● **WHAT THIS TASK INVOLVES**:
Please reproduce the lines of the records below from the one holding "Tall cabinet, white, 69.5x34x180" through the one holding "Rockstud Turquoise Bead", inclusive, skipping all pictures.

● **PROVIDED ENTRIES**:
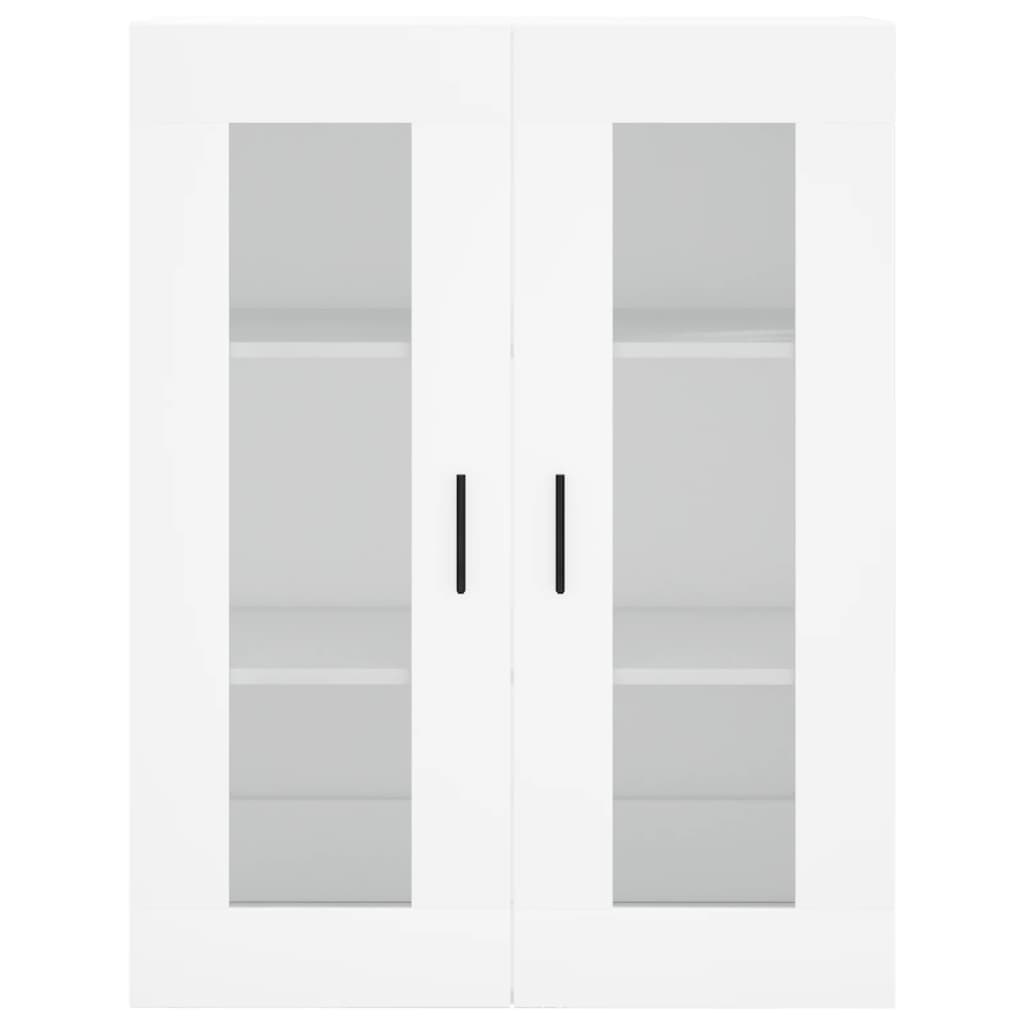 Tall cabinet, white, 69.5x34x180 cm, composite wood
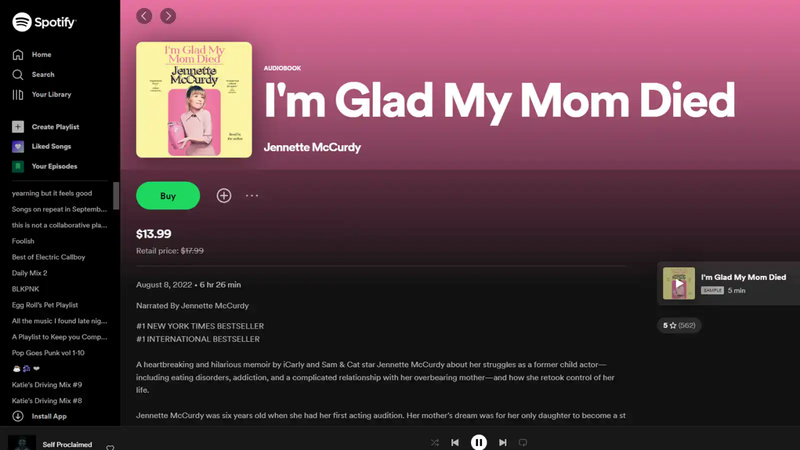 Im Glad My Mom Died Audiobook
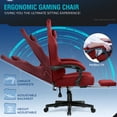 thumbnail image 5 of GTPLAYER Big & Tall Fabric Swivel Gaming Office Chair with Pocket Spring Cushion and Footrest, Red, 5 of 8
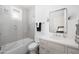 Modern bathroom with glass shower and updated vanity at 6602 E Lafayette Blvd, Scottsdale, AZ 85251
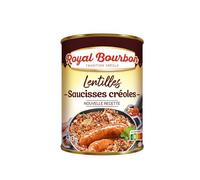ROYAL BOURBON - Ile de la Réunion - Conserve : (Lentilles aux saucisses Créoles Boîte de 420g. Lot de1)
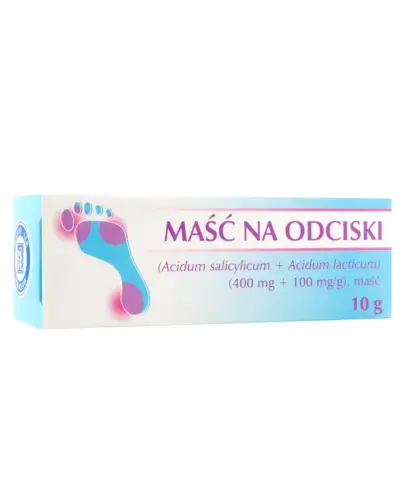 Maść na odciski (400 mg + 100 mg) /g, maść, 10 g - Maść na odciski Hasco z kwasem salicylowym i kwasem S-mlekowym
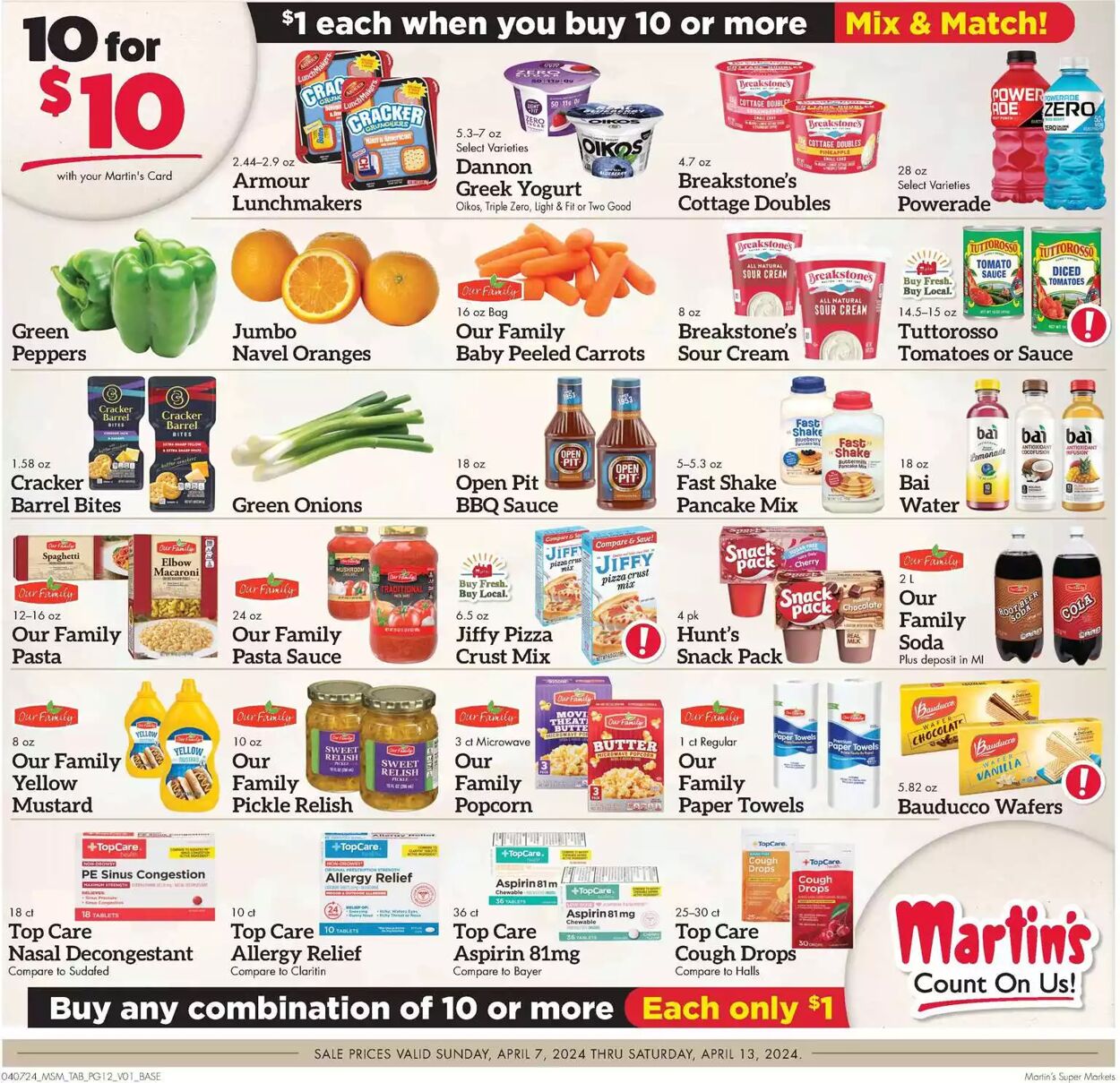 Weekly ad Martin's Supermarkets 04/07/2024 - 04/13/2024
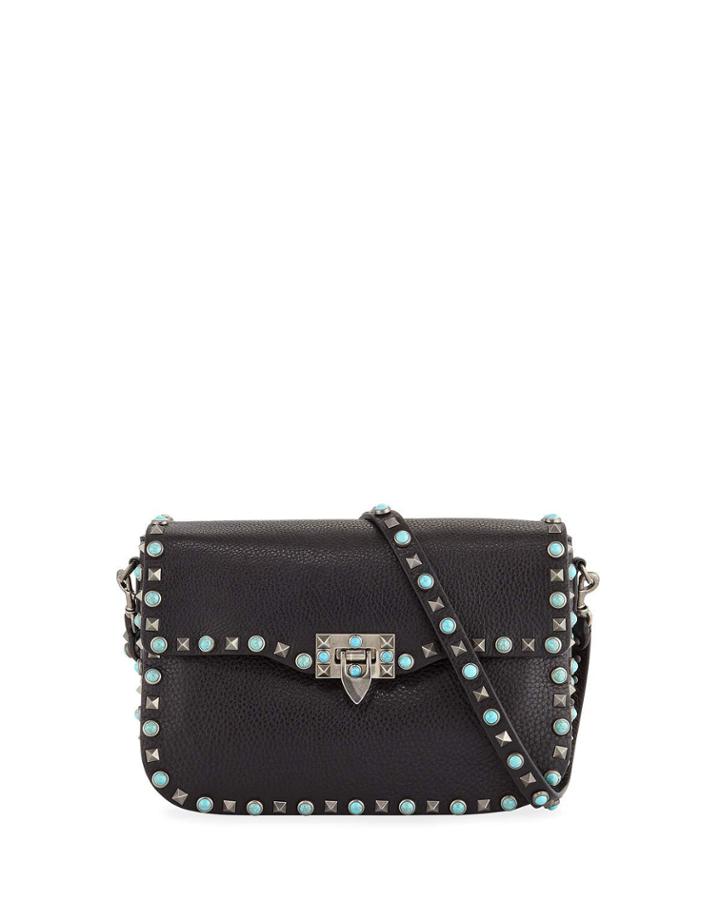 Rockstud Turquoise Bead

==

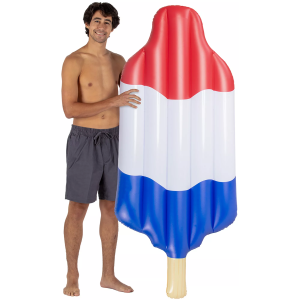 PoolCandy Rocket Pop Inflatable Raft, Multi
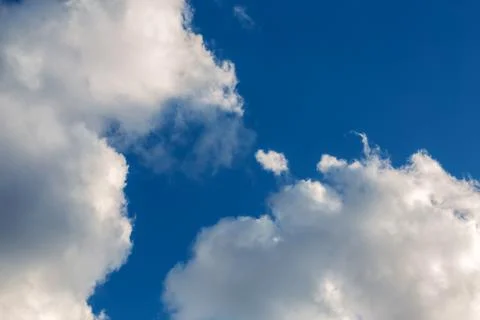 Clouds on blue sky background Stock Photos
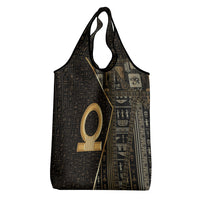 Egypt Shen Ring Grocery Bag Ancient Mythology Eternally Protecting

● **ANSWER TO THIS TASK**:
 Tall cabinet, white, 69.5x34x180 cm, composite wood
 Im Glad My Mom Died Audiobook
 thumbnail image 5 of GTPLAYER Big & Tall Fabric Swivel Gaming Office Chair with Pocket Spring Cushion and Footrest, Red, 5 of 8
 Modern bathroom with glass shower and updated vanity at 6602 E Lafayette Blvd, Scottsdale, AZ 85251
ROYAL BOURBON - Ile de la Réunion - Conserve : (Lentilles aux saucisses Créoles Boîte de 420g. Lot de1)
 Maść na odciski (400 mg + 100 mg) /g, maść, 10 g - Maść na odciski Hasco z kwasem salicylowym i kwasem S-mlekowym
 Weekly ad Martin's Supermarkets 04/07/2024 - 04/13/2024
 Rockstud Turquoise Bead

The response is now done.